Source records
===============
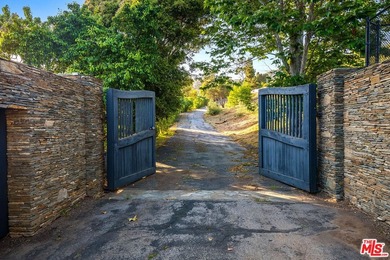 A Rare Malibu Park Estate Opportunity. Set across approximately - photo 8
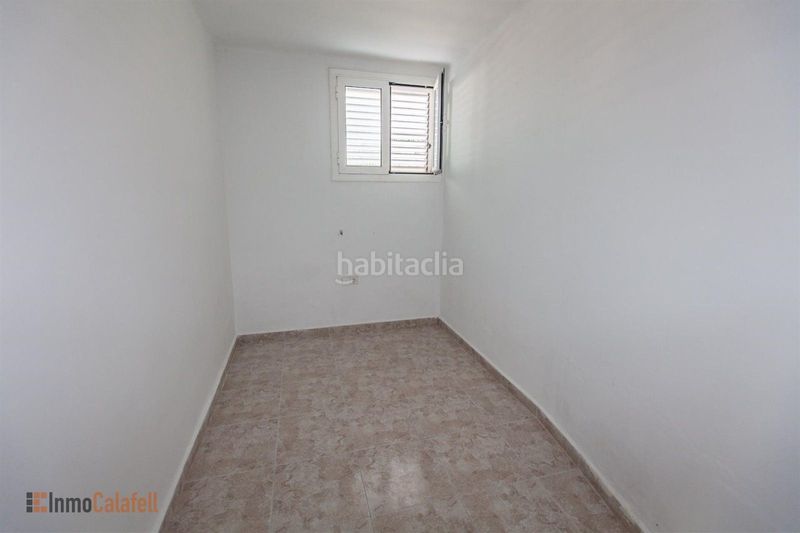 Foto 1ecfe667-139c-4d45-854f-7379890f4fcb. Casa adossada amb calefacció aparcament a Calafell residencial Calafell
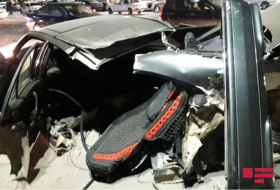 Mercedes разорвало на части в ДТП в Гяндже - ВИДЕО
===============
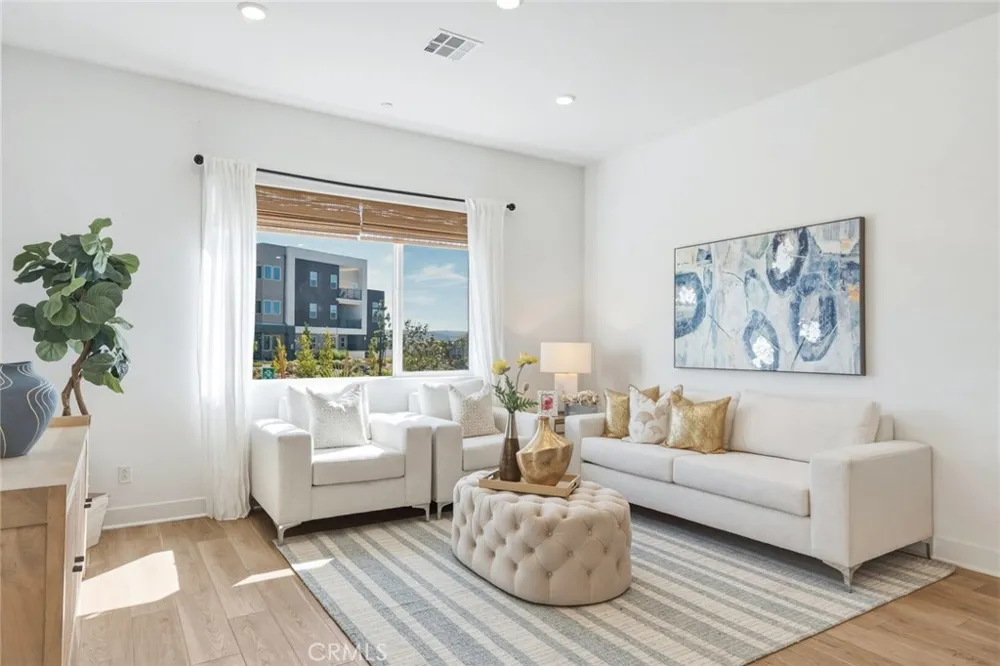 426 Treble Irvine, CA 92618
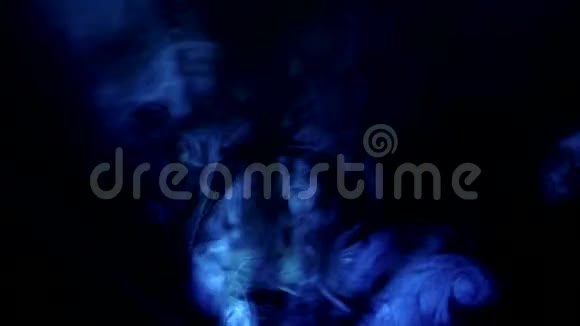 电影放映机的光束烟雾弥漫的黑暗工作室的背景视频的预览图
===============
What you need to do
Word for word, restate the lines above from the one with "A Rare Malibu" through the one with "Mercedes разорвало на", keeping both ends and dropping the pictures.

Answer section
 A Rare Malibu Park Estate Opportunity. Set across approximately - photo 8
 Foto 1ecfe667-139c-4d45-854f-7379890f4fcb. Casa adossada amb calefacció aparcament a Calafell residencial Calafell
 Mercedes разорвало на части в ДТП в Гяндже - ВИДЕО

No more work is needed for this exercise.